• The input:
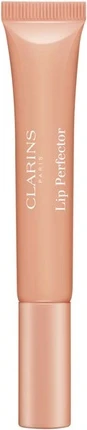 Блеск для губ Clarins Natural Lip Perfector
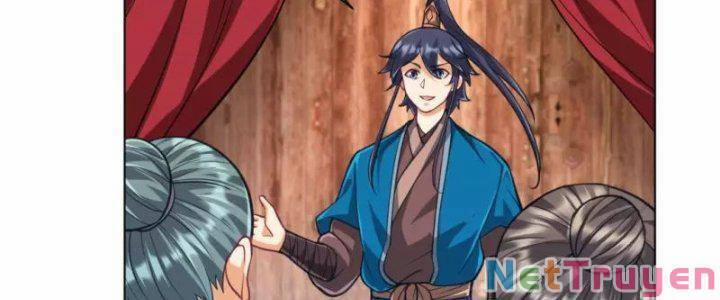 Nhất Đẳng Gia Đinh 274 trang 77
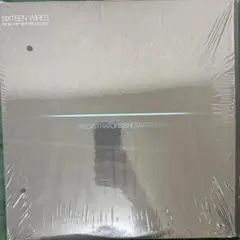 REGISTRATORS レコード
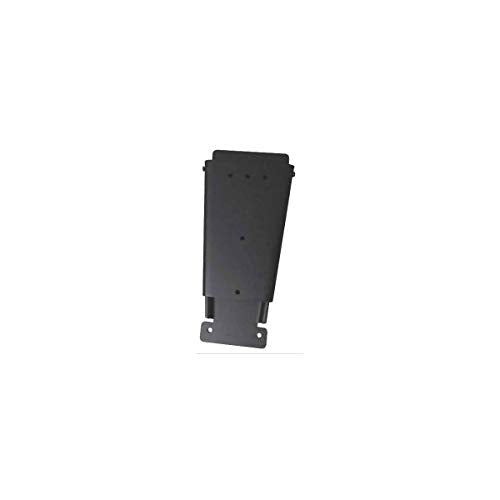 JBL Professional MTC-CBT-SUS3 Suspension Bracket for CBT Speakers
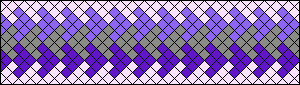 Normal pattern #27409 variation #22385
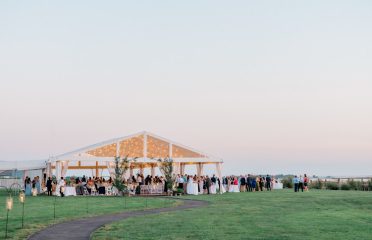 The Point at Norwalk Cove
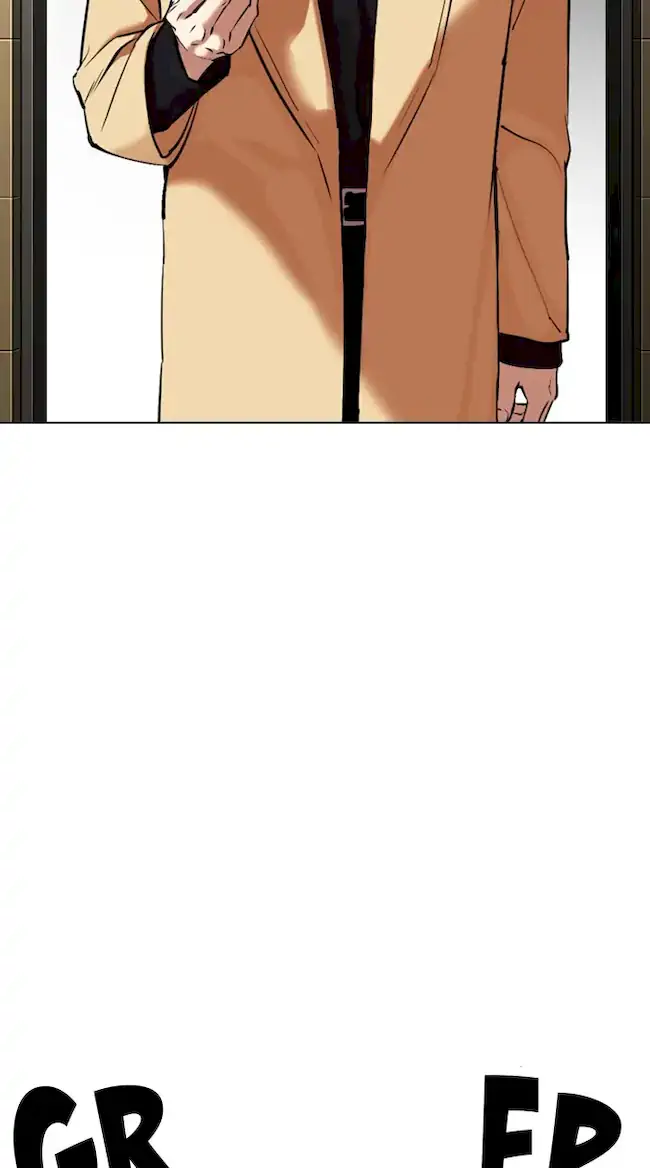 Lookism Chapter 334 Gambar 48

• Task details: Take the line with "REGISTRATORS レコード" and each line after it through the end of the material above, and reproduce them exactly, without the pictures.

• Written response:
 REGISTRATORS レコード
 JBL Professional MTC-CBT-SUS3 Suspension Bracket for CBT Speakers
 Normal pattern #27409 variation #22385
 The Point at Norwalk Cove
 Lookism Chapter 334 Gambar 48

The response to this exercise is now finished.